Released Russian physicist remains defiant

Russian physicist Valentin Danilov, convicted of espionage in 2004, during a press conference after his release in November 2012 Image copyright Reuters
Image caption Valentin Danilov spent eight years in prison before being released

A Russian physicist convicted of spying for China has been freed after nearly a decade in prison.

Valentin Danilov, jailed for selling classified information on space technology to China, said the charges against him had been "fantasy".

Now 66, Danilov has reportedly said he intends to pursue his case with the European Court of Human Rights.

His 14-year sentence was cut by three years on grounds of good behaviour and his state of health.

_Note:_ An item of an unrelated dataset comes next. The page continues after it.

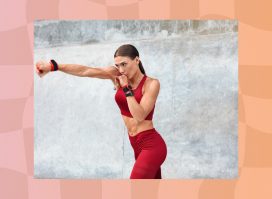 focused, fit, and muscular woman in red athletic set throwing boxing punches outside in front of cement wall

"I would really appreciate it if somebody finally told me what state secret I sold," Danilov said shortly after emerging from the prison colony near the industrial Siberian city of Krasnoyarsk.

New law

He said he considered himself a political prisoner but refused to criticise the Russian president directly.

"As for President Putin, I guess everybody would be the same as him in his place. The court makes the tsar. In many cases it's the people around him that are guilty rather than he himself," he said.

Danilov, a former professor at Krasnoyarsk Technical University, has maintained that the information on satellite technology he passed on to a Chinese engineering firm was already publicly available.

Human rights campaigners saw his arrest as an attempt to intimidate academics with ties to other countries.

His release comes days after a new law comes into force broadening the definition of treason which critics fear could be used against politically inconvenient figures.

Danilov was initially arrested in 2001, acquitted in a 2003 trial but convicted in a trial the following year.

Asked about his health, the physicist said: "I'm fine. Otherwise I wouldn't be here."

Under the terms of his parole, he must contact police each month.

He is understood to plan to live with his wife in their home in the Siberian town of Novosibirsk and to return to the field of science.

"I will work in science but not space because everything [in Russia] to do with space is always [seen as] a state secret," he said.